Skip to main content

Basic Operations

FlowSpec(use_cli)

[source]

from metaflow import FlowSpec

Main class from which all Flows should inherit.

Attributes 

script_name

index

input

FlowSpec.next(self, *dsts, **kwargs)

[source]

from metaflow import FlowSpec.next

Indicates the next step to execute at the end of this step

This statement should appear once and only once in each and every step (except the end step). Furthermore, it should be the last statement in the step.

There are several valid formats to specify the next step: - Straight-line connection: self.next(self.next_step) where next_step is a method in the current class decorated with the @step decorator - Static fan-out connection: self.next(self.step1, self.step2, ...) where stepX are methods in the current class decorated with the @step decorator - Foreach branch: self.next(self.foreach_step, foreach='foreach_iterator') In this situation, foreach_step is a method in the current class decorated with the @step docorator and foreach_iterator is a variable name in the current class that evaluates to an iterator. A task will be launched for each value in the iterator and each task will execute the code specified by the step foreach_step.

Raises 

InvalidNextException

Raised if the format of the arguments does not match one of the ones given above.

FlowSpec.foreach_stack(self)

[source]

from metaflow import FlowSpec.foreach_stack

Returns the current stack of foreach steps for the current step

This effectively corresponds to the indexes and values at the various levels of nesting.

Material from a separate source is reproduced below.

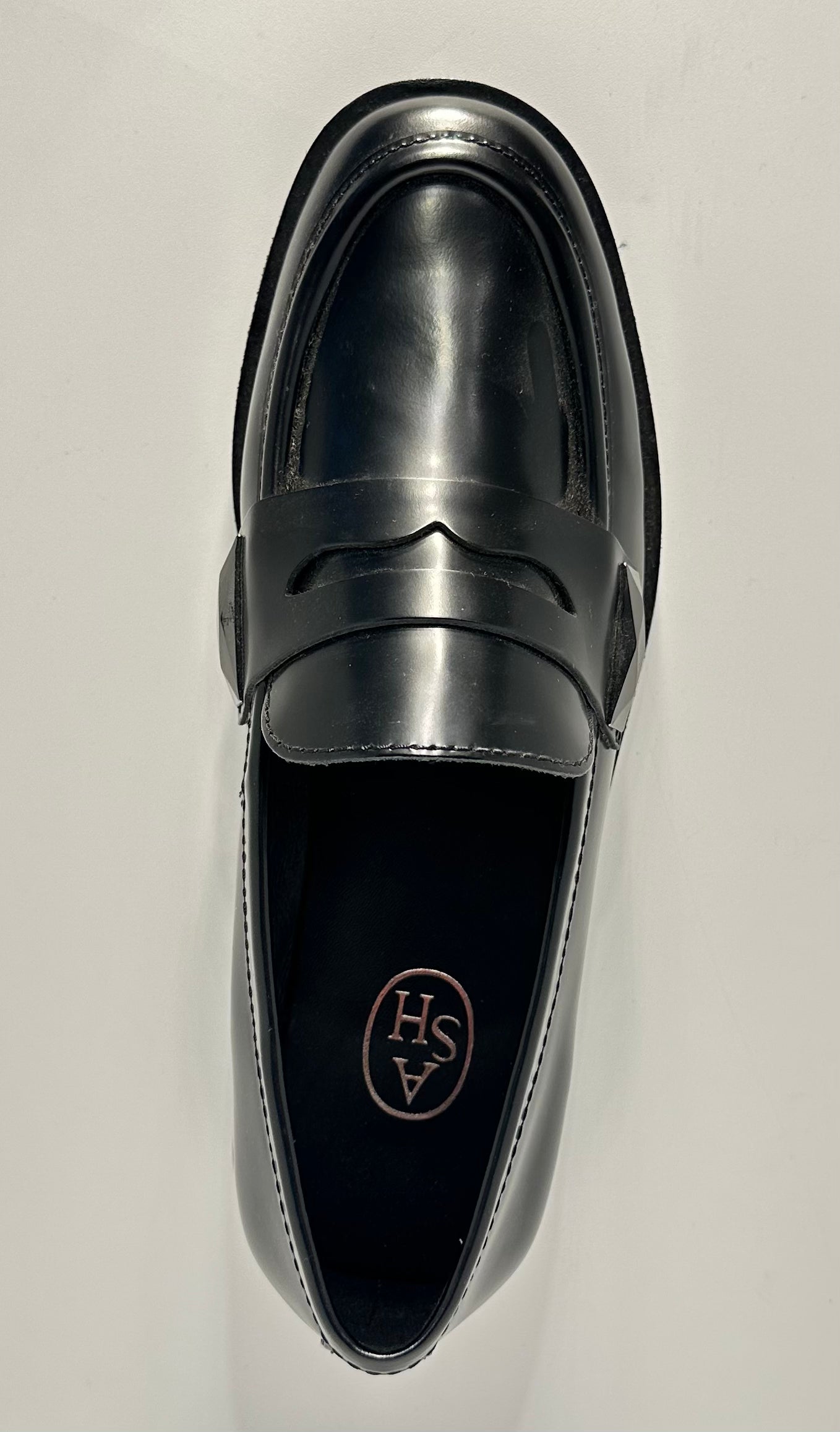 ASH - Mocassino Whisper Studs Black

For example, considering the following code:

@step
def root(self):
    self.split_1 = ['a', 'b', 'c']
    self.next(self.nest_1, foreach='split_1')

@step
def nest_1(self):
    self.split_2 = ['d', 'e', 'f', 'g']
    self.next(self.nest_2, foreach='split_2'):

@step
def nest_2(self):
    foo = self.foreach_stack()

foo will take the following values in the various tasks for nest_2: [(0, 3, 'a'), (0, 4, 'd')] [(0, 3, 'a'), (1, 4, 'e')] ... [(0, 3, 'a'), (3, 4, 'g')] [(1, 3, 'b'), (0, 4, 'd')] ...

where each tuple corresponds to: - the index of the task for that level of the loop - the number of splits for that level of the loop - the value for that level of the loop Note that the last tuple returned in a task corresponds to: - first element: value returned by self.index - third element: value returned by self.input

Returns 

List[Tuple[int, int, object]]

An array describing the current stack of foreach steps